After about 45 minutes or so of CPR and everything else the resus efforts were stopped for our regular. He was more like a friend than a patient. I then went out of the room and over to the nurses station. I had to call the family in. I felt sick. It was an inevitable death and they were told that this would very likely be the outcome. But they were also in extreme denial regarding the deterioration and ultimate prognosis of their loved one. Even at this early point in my career I had seen relatives of dead patients screaming with grief, pulling their hair out, losing control of their bladder (yeah) and collapsing. At 24 years old I could not handle it at all. Now I don't miss a beat and keep going.

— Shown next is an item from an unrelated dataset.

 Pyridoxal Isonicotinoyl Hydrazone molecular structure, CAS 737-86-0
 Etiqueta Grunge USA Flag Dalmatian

I am giving a lot of background here because a few minutes after the death of my patient I acted like a complete dick. I can't justify it but I'll try anyway :)
On my way to the nurses station all I could think about was the dreaded phone call. Just as I was turning the corner out of the bay of hell another patient shouted me and asked for pain killers. My shoulders were slumped, my footfall was heavy, and I must have had a really horrible look on my face. I grunted and pivoted around to get the pain killers. I came back into the room and barely said a word. I wasn't thinking about the lady in front of me with the osteoarthritis from hell. My mind was still on the dead guy and his family. I handed her the tablets and grunted again and walked out. I know now that my body language was positively vicious. Some patients would just think "that nurse is just a cow" and they would give me the 2 finger salute as I walked away and forget about it or complain. But this lady reacted the way most patients would. She was extremely hurt by my behaviour.
It didn't hit me until about an hour later. I made my way back to the lady's room where she was sitting on her bed crying her eyes out. I apologised for being so out of it when I gave her the pain meds and explained that I had just seen something very bad and was still thinking about that when I walked into her room earlier. She let out a sigh of relief and said "I am so glad you told me that, I thought that you were angry with me for asking for pain killers again, I hate being a nuisance". I apologised and grovelled. I explained that I would never ever think that anyone is a nuisance for requesting pain medication! I told her that it is never ever good to sit there in pain, suffering in silence and that she should always ask for pain killers, just as she did. I am lucky that she was a very nice woman and very understanding.
From then on I made it a number one priority to watch the body language and the attitude. I sometimes slip and I think most nurses do forget this at times. I think it leads to a lot of complaints about gruff sour faced nurses. When patients pick up on negative vibes and energy of nurses they often take it personally. They should never be made to feel that way. Maintaining a good working environment for care givers is paramount to good patient care. Abused people who are being constantly stripped of their dignity are not going to come off as "caring" people. Would you beat the crap out of a dog day after day and then leave it alone with a child? We abuse the hell out of our nurses then we want them to be as caring as a saint with no human needs or feelings. Most (not all, there is always a bad apple) nurses do not try and upset patients intentionally. Most nurses just leave.
Any health care professional will tell you that you never forget a lesson learned the hard way. I certainly learned the importance of pulling myself together and keeping my emotions in check that day. It's not something I will ever forget even if it means that others don't quite understand the pressure I am under.